Estados Unidos, aunque no europeo, se ha convertido en sostén indispensable para la resistencia ucraniana, lo que confirma que la seguridad europea sigue dependiendo en gran medida de Washington.
La guerra de Ucrania revela así que el viejo dilema entre principios y realidades de poder se mantiene. Europa proclama la defensa del derecho internacional, pero al mismo tiempo acepta compromisos pragmáticos en materia de sanciones y alianzas militares.
La historia de Crimea en el siglo XIX nos enseña que el nacionalismo y el poder fáctico han moldeado las fronteras como elementos determinantes. El presente confirma esa constante. La anexión de Crimea vulnera el derecho internacional, pero no lo anula; lo somete a la dura prueba de la eficacia.
Hoy las potencias europeas y Estados Unidos se ven obligados a sostener a Ucrania no solo por solidaridad, sino porque la legitimidad del orden internacional depende de ello. Si la ocupación de territorios soberanos se aceptara como hecho consumado, quedaría abierto el camino para que otros conflictos sigan la misma lógica, debilitando principios como la integridad territorial y la prohibición del uso de la fuerza, pilares esenciales también para América Latina y, en particular, para la reivindicación argentina sobre las Islas Malvinas.

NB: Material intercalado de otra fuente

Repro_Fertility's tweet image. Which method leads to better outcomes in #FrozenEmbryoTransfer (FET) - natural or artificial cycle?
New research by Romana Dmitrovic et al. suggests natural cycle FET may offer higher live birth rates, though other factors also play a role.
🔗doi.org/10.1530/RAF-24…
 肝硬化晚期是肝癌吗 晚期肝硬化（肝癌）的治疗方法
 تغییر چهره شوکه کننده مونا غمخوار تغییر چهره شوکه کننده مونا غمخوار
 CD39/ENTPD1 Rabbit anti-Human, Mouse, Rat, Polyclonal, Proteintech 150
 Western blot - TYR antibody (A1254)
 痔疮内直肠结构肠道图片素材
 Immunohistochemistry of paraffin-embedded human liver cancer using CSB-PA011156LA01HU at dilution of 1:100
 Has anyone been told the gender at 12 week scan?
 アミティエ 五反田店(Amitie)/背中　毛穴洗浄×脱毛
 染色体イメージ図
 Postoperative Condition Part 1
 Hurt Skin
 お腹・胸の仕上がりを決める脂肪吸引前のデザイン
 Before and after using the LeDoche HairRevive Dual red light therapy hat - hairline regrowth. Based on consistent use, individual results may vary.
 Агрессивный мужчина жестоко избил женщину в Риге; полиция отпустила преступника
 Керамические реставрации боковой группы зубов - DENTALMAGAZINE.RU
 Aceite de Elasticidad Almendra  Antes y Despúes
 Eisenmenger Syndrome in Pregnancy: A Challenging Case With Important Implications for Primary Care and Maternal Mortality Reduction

La lección que deja Crimea es clara: el derecho internacional puede ser desafiado, pero sigue siendo el único marco capaz de contener la expansión ilimitada del poder. Sin él, Europa y el mundo entrarían en un ciclo de inseguridad permanente.
Exjuez y expresidente de la Corte Suprema; exjuez de la Corte de Arbitraje Permanente de La Haya.